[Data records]
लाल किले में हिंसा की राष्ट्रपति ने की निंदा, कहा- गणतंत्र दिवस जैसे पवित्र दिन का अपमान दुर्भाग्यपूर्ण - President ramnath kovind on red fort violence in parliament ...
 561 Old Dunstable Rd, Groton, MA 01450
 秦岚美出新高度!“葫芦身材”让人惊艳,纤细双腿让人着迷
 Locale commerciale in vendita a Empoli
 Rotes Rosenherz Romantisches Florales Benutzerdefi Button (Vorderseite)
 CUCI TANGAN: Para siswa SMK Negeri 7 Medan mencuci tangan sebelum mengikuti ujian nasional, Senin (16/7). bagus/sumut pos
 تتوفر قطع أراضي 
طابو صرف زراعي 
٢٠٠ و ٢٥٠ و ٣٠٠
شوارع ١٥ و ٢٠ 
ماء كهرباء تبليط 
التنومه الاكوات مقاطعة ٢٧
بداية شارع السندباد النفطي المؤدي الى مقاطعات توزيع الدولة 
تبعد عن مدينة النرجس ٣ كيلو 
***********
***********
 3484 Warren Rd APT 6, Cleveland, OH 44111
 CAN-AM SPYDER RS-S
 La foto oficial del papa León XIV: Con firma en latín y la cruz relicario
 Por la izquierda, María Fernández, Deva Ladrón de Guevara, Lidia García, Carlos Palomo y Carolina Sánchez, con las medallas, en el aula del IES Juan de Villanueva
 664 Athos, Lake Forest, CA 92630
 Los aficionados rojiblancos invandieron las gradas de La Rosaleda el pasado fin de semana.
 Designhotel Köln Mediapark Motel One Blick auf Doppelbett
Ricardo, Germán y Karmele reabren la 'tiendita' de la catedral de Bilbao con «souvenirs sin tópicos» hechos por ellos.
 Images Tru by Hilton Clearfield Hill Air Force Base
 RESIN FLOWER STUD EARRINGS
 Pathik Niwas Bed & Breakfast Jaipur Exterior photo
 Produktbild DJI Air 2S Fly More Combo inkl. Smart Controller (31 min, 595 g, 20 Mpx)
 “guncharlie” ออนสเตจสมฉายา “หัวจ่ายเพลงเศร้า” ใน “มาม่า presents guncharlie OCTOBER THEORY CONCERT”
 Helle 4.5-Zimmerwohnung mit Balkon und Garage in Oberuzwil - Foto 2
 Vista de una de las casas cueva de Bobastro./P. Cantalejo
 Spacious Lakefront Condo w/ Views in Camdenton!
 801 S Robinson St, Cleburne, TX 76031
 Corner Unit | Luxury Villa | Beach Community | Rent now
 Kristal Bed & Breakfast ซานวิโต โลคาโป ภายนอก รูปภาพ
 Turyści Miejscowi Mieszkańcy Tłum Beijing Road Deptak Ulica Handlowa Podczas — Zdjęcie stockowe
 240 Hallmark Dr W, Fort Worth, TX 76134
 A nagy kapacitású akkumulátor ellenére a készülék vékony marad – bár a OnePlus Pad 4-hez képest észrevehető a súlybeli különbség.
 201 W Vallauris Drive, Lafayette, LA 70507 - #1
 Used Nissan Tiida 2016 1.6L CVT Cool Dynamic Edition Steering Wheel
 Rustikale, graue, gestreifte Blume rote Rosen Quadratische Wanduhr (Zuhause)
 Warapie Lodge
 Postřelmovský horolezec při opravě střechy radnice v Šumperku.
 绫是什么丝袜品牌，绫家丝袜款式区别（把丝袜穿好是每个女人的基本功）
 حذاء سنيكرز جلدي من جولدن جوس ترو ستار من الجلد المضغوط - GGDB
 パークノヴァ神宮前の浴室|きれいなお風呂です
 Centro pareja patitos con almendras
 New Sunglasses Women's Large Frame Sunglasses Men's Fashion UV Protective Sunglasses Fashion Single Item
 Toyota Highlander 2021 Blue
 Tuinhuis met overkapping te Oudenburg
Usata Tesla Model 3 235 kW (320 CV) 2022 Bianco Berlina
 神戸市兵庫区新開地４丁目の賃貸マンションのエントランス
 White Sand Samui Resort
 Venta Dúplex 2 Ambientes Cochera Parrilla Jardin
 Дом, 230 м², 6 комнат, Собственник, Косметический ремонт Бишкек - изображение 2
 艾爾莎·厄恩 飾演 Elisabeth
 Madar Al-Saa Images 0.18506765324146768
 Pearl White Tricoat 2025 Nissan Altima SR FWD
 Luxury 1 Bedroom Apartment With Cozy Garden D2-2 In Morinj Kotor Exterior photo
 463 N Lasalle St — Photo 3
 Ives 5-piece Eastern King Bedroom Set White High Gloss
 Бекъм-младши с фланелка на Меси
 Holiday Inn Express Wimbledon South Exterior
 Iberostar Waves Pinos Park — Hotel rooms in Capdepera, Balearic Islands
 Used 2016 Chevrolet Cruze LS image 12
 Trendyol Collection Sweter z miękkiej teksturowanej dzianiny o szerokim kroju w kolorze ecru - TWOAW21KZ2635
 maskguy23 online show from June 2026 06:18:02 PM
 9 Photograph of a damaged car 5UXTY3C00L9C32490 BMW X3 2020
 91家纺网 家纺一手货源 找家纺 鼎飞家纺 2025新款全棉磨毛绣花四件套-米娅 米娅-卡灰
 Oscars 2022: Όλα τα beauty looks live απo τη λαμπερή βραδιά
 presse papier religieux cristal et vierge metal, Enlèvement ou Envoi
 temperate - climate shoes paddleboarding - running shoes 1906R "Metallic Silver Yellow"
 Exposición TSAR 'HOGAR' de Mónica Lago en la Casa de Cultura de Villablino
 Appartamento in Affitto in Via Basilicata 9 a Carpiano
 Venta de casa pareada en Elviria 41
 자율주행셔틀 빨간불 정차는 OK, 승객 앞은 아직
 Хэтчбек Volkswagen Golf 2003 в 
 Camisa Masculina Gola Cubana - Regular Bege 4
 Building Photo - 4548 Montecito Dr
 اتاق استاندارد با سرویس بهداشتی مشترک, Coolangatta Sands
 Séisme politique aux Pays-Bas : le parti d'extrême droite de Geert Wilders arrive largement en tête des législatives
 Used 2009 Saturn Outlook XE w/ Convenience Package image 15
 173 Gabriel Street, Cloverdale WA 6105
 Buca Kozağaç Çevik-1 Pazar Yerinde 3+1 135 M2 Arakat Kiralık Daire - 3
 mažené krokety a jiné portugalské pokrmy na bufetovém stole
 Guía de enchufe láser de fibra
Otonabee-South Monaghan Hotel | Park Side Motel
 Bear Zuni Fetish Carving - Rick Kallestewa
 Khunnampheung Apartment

• [Exercise description]
Return, exactly, the lines from the first line of the records above to the line containing "Por la izquierda, María", both included.

• [Completed exercise]
लाल किले में हिंसा की राष्ट्रपति ने की निंदा, कहा- गणतंत्र दिवस जैसे पवित्र दिन का अपमान दुर्भाग्यपूर्ण - President ramnath kovind on red fort violence in parliament ...
 561 Old Dunstable Rd, Groton, MA 01450
 秦岚美出新高度!“葫芦身材”让人惊艳,纤细双腿让人着迷
 Locale commerciale in vendita a Empoli
 Rotes Rosenherz Romantisches Florales Benutzerdefi Button (Vorderseite)
 CUCI TANGAN: Para siswa SMK Negeri 7 Medan mencuci tangan sebelum mengikuti ujian nasional, Senin (16/7). bagus/sumut pos
 تتوفر قطع أراضي 
طابو صرف زراعي 
٢٠٠ و ٢٥٠ و ٣٠٠
شوارع ١٥ و ٢٠ 
ماء كهرباء تبليط 
التنومه الاكوات مقاطعة ٢٧
بداية شارع السندباد النفطي المؤدي الى مقاطعات توزيع الدولة 
تبعد عن مدينة النرجس ٣ كيلو 
***********
***********
 3484 Warren Rd APT 6, Cleveland, OH 44111
 CAN-AM SPYDER RS-S
 La foto oficial del papa León XIV: Con firma en latín y la cruz relicario
 Por la izquierda, María Fernández, Deva Ladrón de Guevara, Lidia García, Carlos Palomo y Carolina Sánchez, con las medallas, en el aula del IES Juan de Villanueva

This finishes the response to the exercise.